No mesmo cemitério onde repousam Beethoven, Brahms, Schubert e Strauss, um mausoléu negro acolhe os restos mortais do mais genial dos futebolistas austríacos: Matthias Sindelar. Morreu em janeiro de 1939, no limiar da II Grande Guerra Mundial, debaixo de circunstâncias misteriosas.

No regresso do FC Porto a Viena, o Maisfutebol entrevistou o autor da aclamada biografia sobre o Homem de Papel, «Inside his skin» [Dentro da pele dele]. Wolfgang Weisgram acompanha-nos numa visita ao maior ícone do Áustria Viena. E não só.

«O Sindelar foi mais do que um futebolista. Foi um símbolo da resistência austríaca à invasão Nazi de 1938», resume o escritor e jornalista, enquanto nos fala sobre o «prazer» de trazer à luz contemporânea uma história esquecida por «quase todos na Áustria».

«No Mundial de 1934 o Matthias Sindelar consagrou-se aos olhos de todos.

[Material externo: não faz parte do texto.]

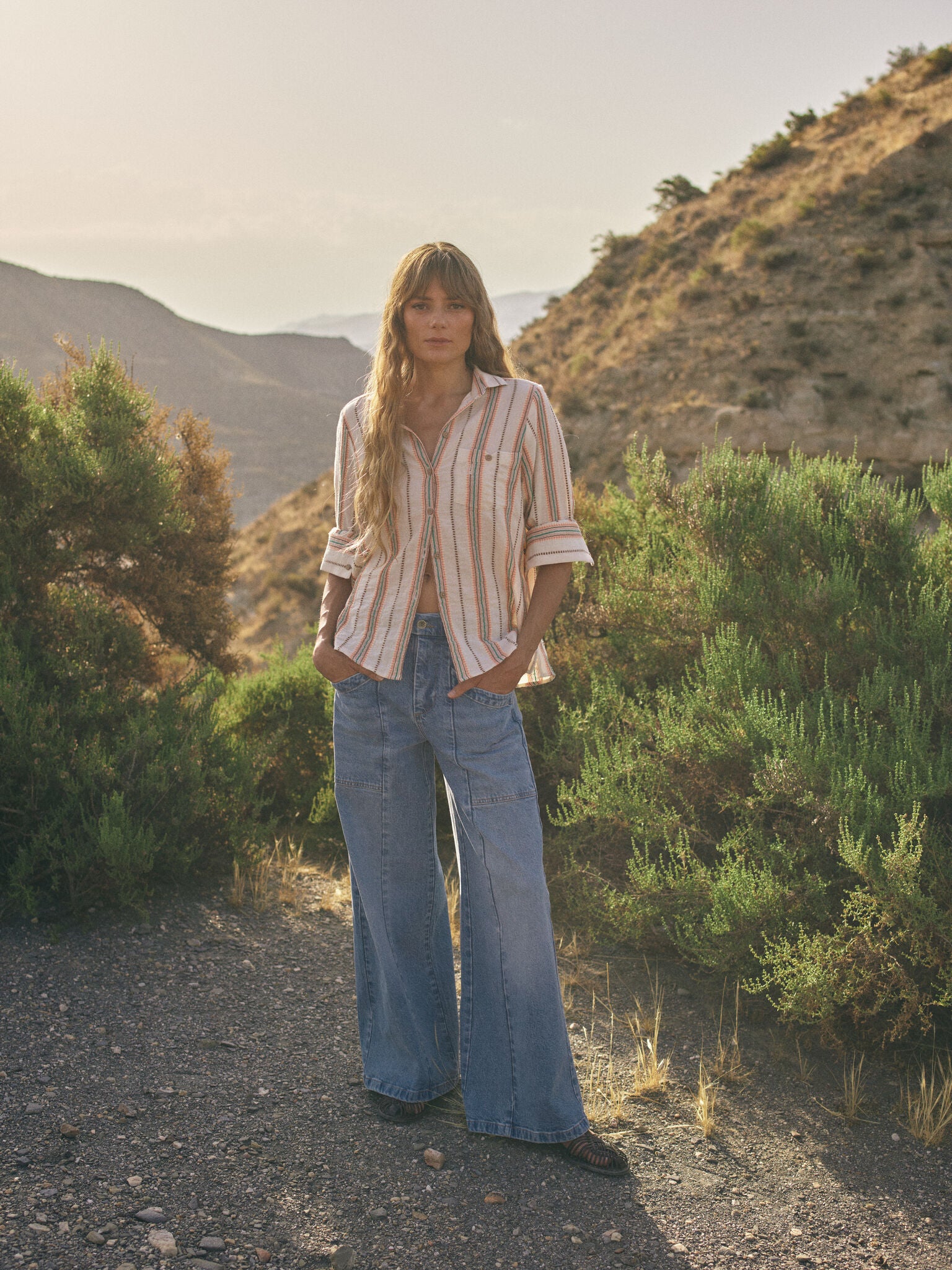 Modelshot / Carrot / Detail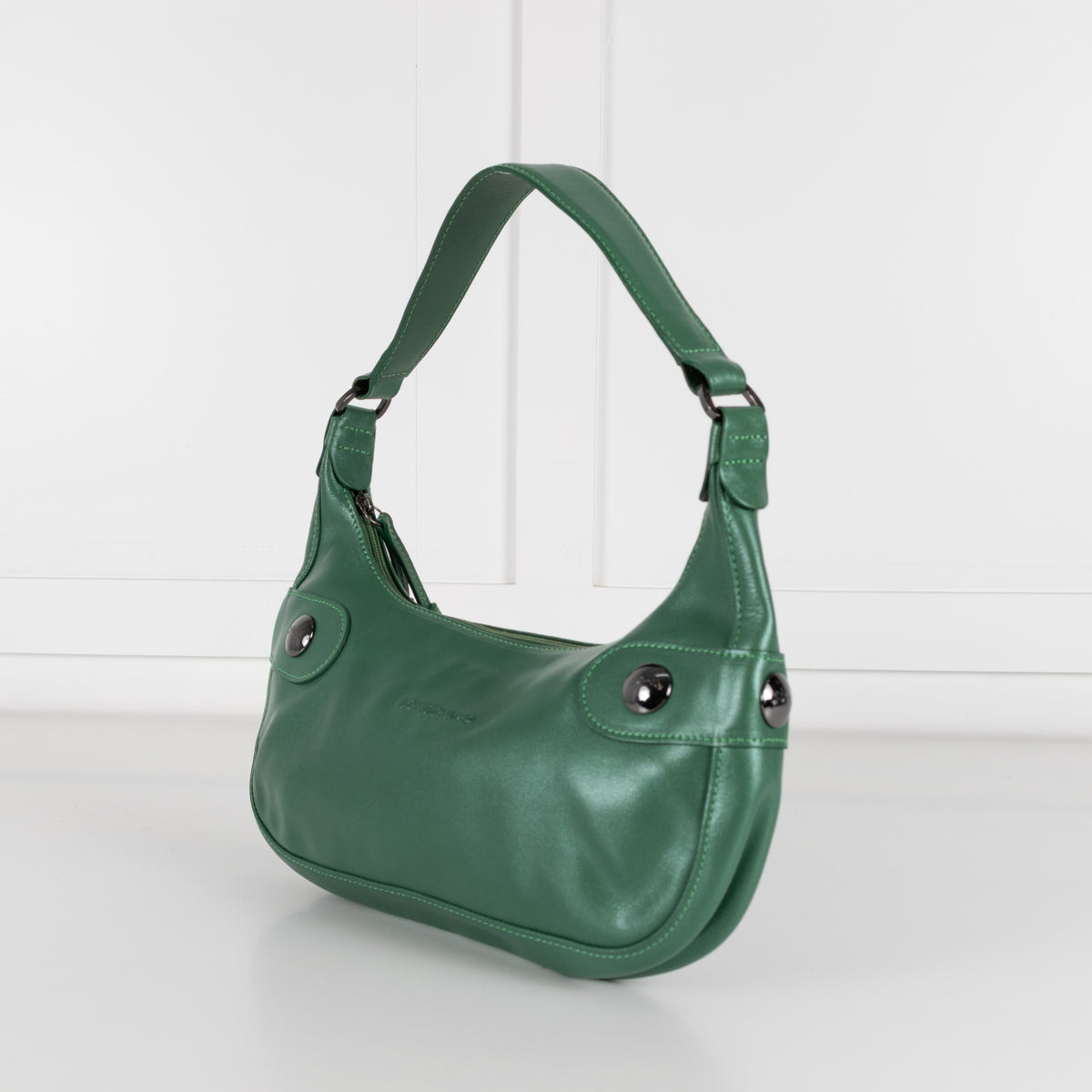 Longchamp Green Shoulder Bag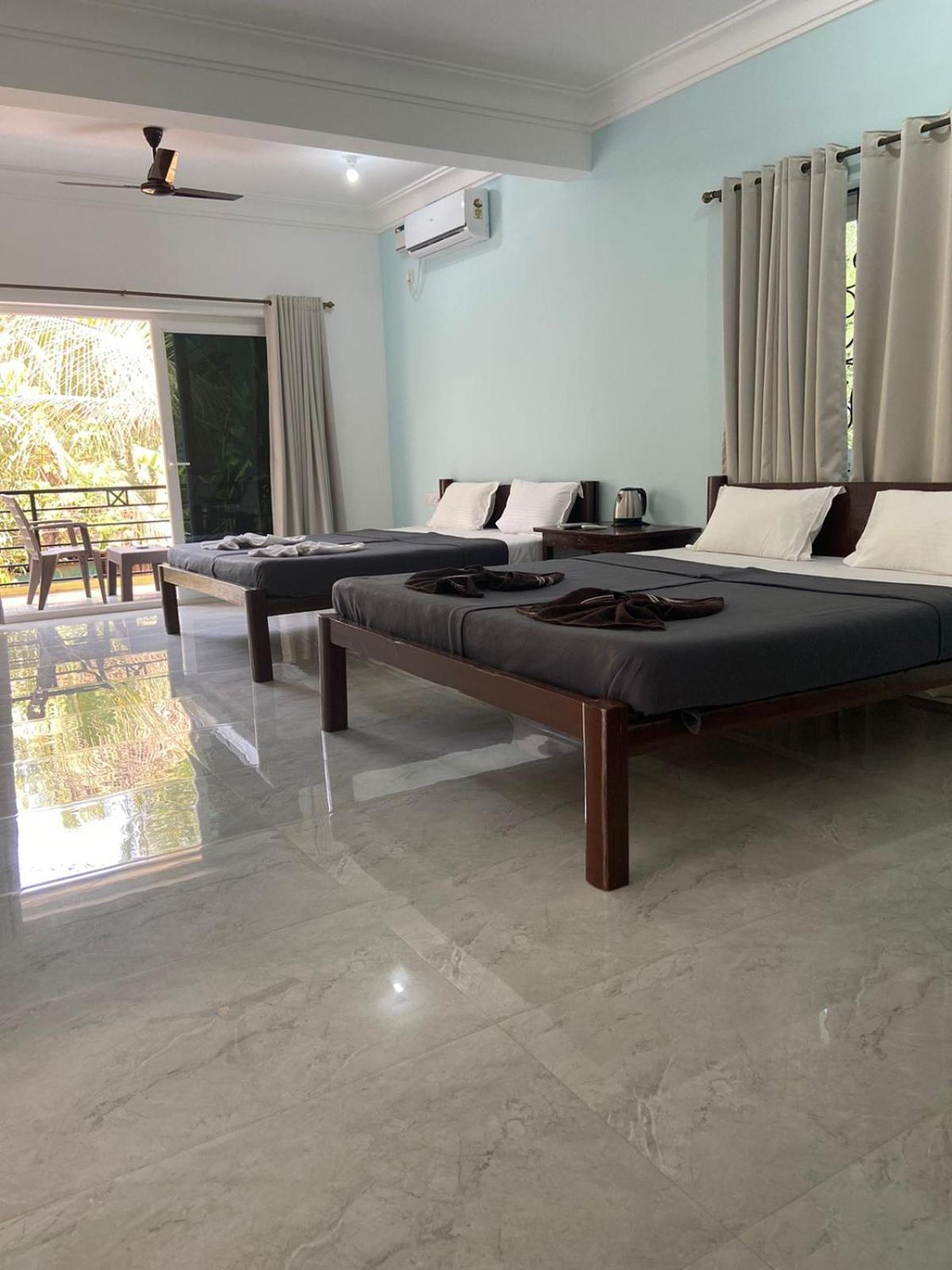 Hotel Ocean'S Edge By Vincen Calangute Esterno foto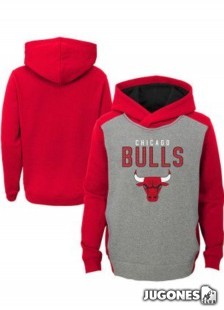 Sudadera Fadeaway Pullover Bulls Kids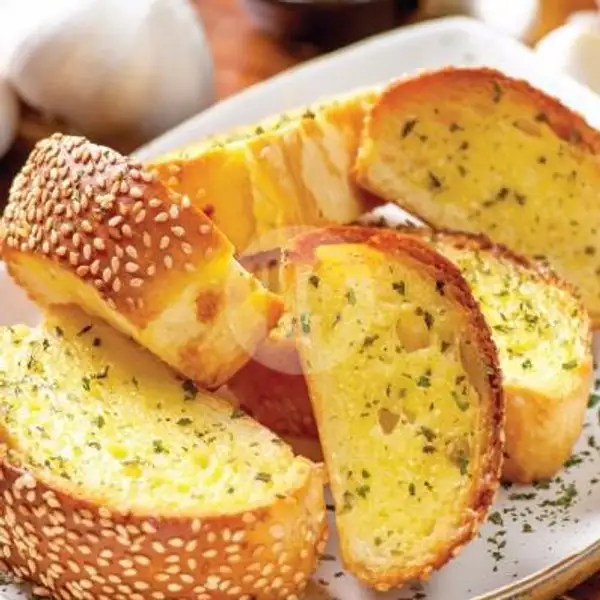 Garlic Bread | Happy Day, Juanda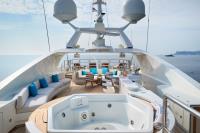 COME-PRIMA yacht charter: Sundeck Jacuzzi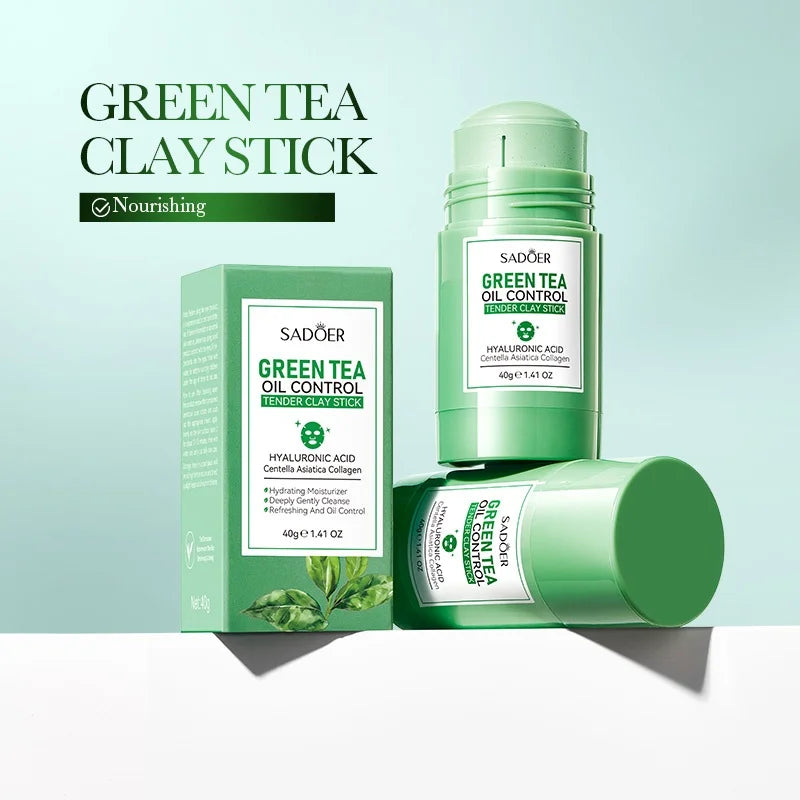 Deep Cleansing Mugwort Oil Control Face Mask Stick
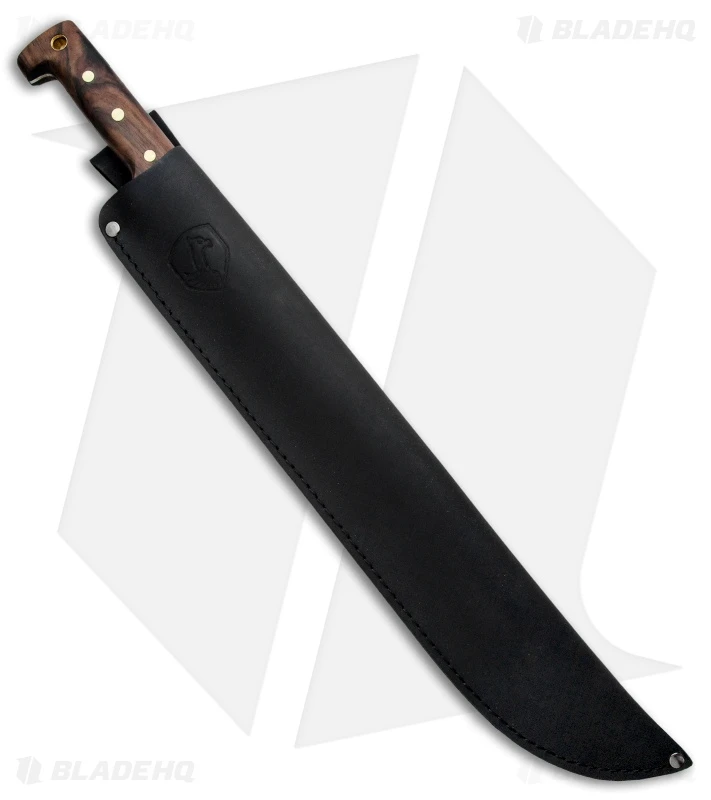 Condor El Salvador Machete Fixed Blade Walnut (18" Black) CTK2020HCW 2 Condor El Salvador Machete Fixed Blade Walnut (18" Black) CTK2020HCW - Image 2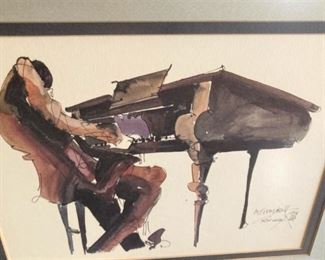 Jazz art by Leo Meiersdorff  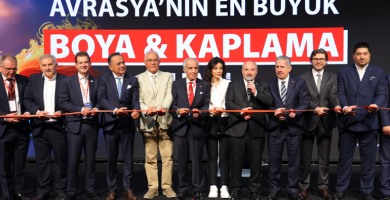AVRASYA'NIN EN BÜYÜK BOYA HAM MADDELERİ VE KAPLAMA FUARI PAINTİSTANBUL 2026 KAPILARINI AÇTI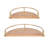Haden 2 Piece Solid Wood Floating Shelf-17105053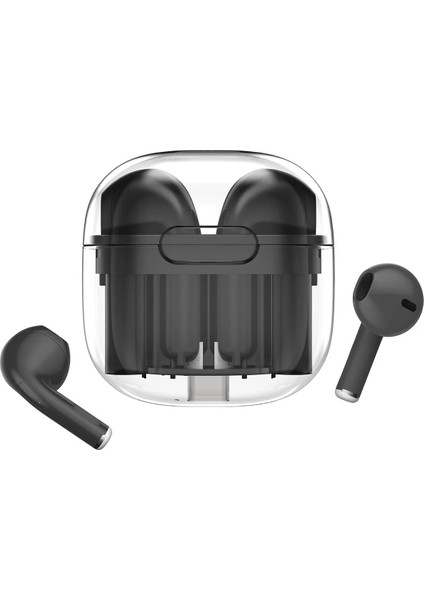 Ls-09 Bluetooth 5.3 Tws Kablosuz Airpods Kulaklık - Siyah Zrnet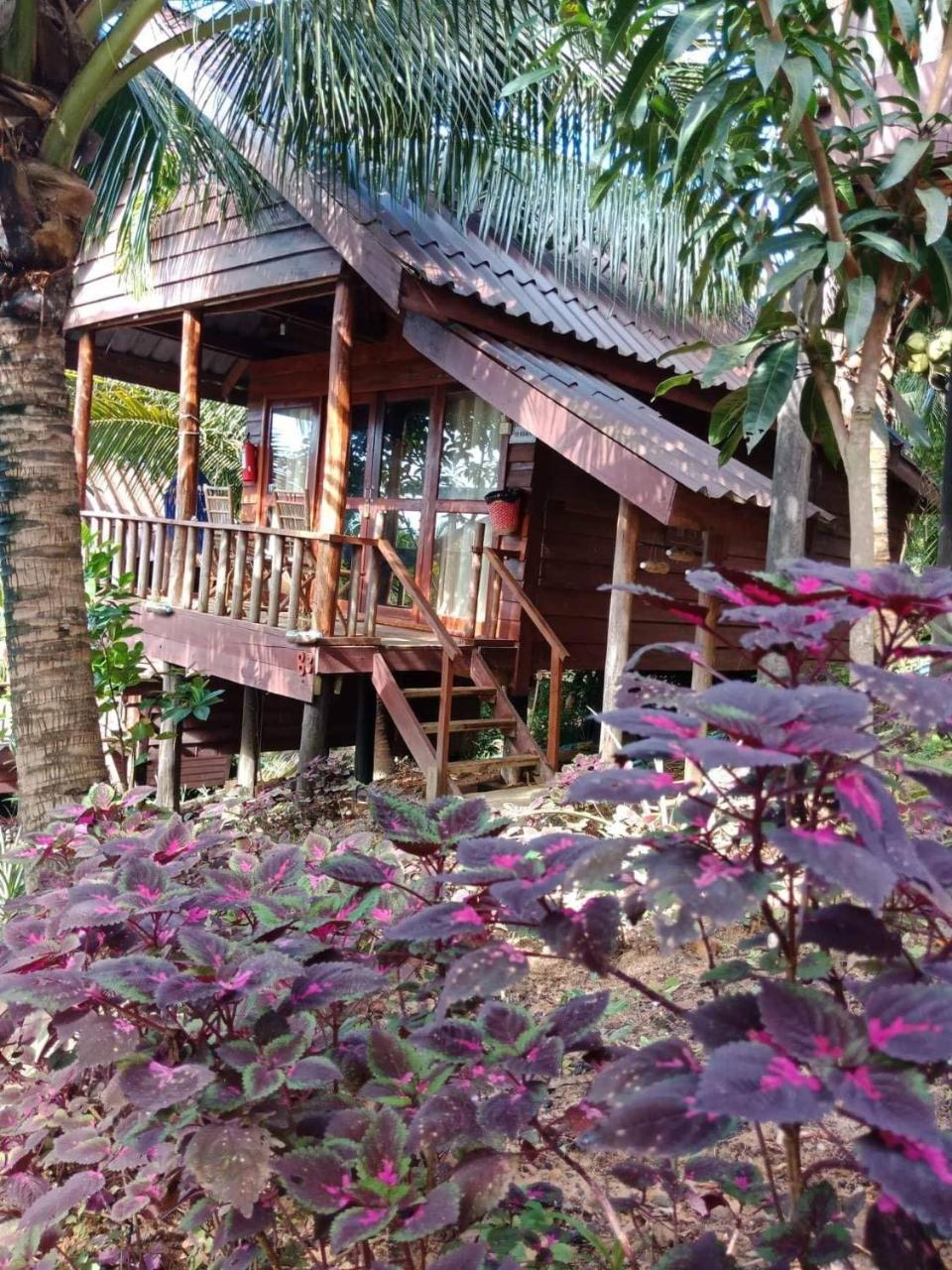 Happy Elephant Bungalows Kaoh Touch Luaran gambar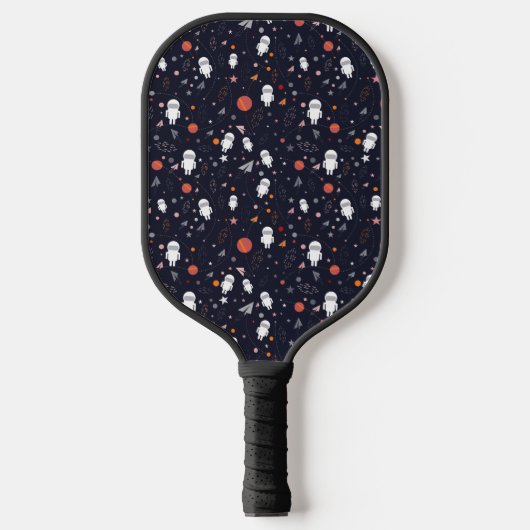 Rocket Planet Star Pickleball Schläger (Vorderseite)
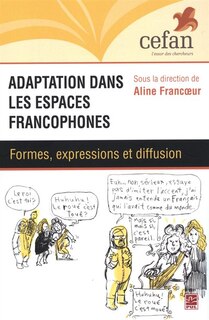 Front cover_Adaptation dans les espaces francophones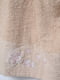 Рушник банний махровий бежевого кольору | 6497385 | фото 3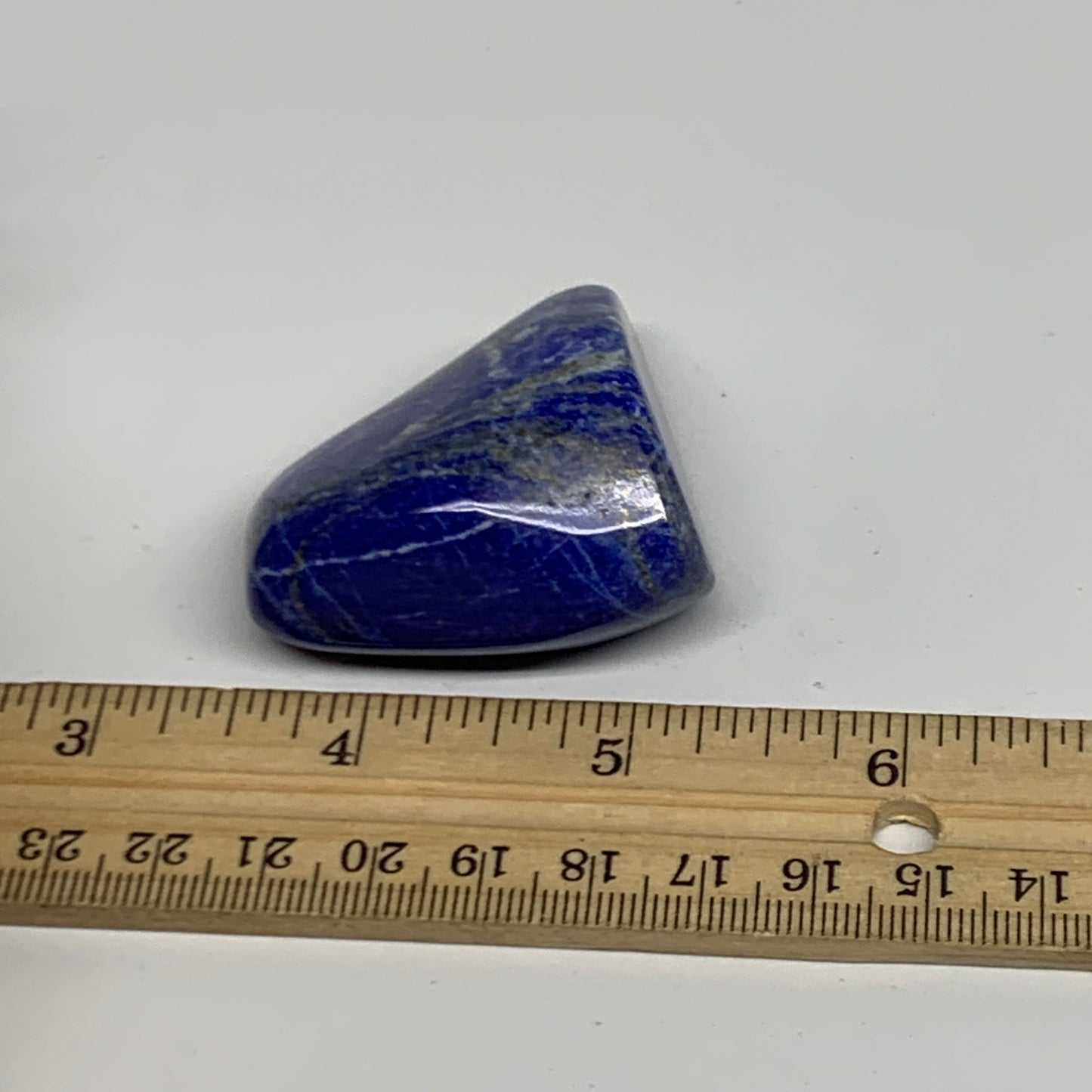 77.9g, 1.7"x1.9"x1.1",  Natural Freeform Lapis Lazuli from Afghanistan, B33094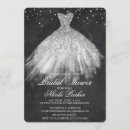 Search for dress bridal shower invitations Gown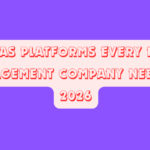 10 SaaS Platforms Every Event Management Company Needs in 2026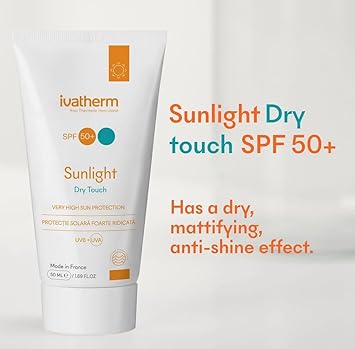 IVATHERM SUNLIGHT CREAM SPF50 50ML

Ele, o Giuseppe Meazza (Itália) e o György Sarosi (Hungria) eram os melhores futebolistas do planeta. Infelizmente, a tragédia levou-o demasiado cedo. Tinha 36 anos».

Suicídio, homicídio ou acidente?

Não faltam teorias sobre a morte de Sindelar. Uns falam em suicídio, outros em homicídio perpetrado pela ominosa Gestapo. Wolfgang Weisgram aponta apenas uma certeza: «a autópsia prova que o Matthias e a esposa Camilla Castagnola, judia italiana, faleceram em casa por inalação de monóxido de carbono».

As suspeitas têm razão de ser. Uma lesão grave no Mundial-34 atirou Sindelar para uma cama de hospital. Lá conheceria a enfermeira italiana com quem haveria de casar. A génese judaica de Castagnola tornou Sindelar persona non grata aos olhos do Terceiro Reich.

«O Ministro da Propaganda, Joseph Goebbels, fez-lhe ameaças públicas quando recusou representar a seleção da Alemanha, após a anexação da Áustria. O Sindelar tinha convicções sólidas. Nunca cumprimentou um dirigente Nazi. Nem o próprio Hitler».

Um golo no adeus sem saudação a Hitler

Após um jogo entre a Áustria ocupada e a Alemanha Nazi, Sindelar e Karl Sesta (outro jogador) viraram a cara aos seus novos governantes. Foram detidos e interrogados num cárcere em Viena. A fama e a adoração do povo austríaco salvaram-lhes a pele. Ficaram, ainda assim, marcados.

«Na Noite dos Cristais (9 de novembro de 1938, a noite de todas as agressões a judeus) foram bater à porta do Matthias. Ele foi levado para a rua, em pijama, mas acabou por ser salvo por vários populares», conta Wolfgang Weisgram.

A clemência não duraria muito, infelizmente. «Nesse período ele voltara a jogar pelo Áustria Viena. Foi a Berlim defrontar o Hertha, na final nacional, e empataram 2-2. O Matthias fez um golo e celebrou sem fazer a saudação nazi. Nunca mais foi visto em público».

Matthias Sindelar foi encontrado morto a 23 de janeiro de 1939. Oito meses antes do nojento eclodir da II Grande Guerra.

É, até hoje, um símbolo do Áustria Viena, oponente do FC Porto na Champions.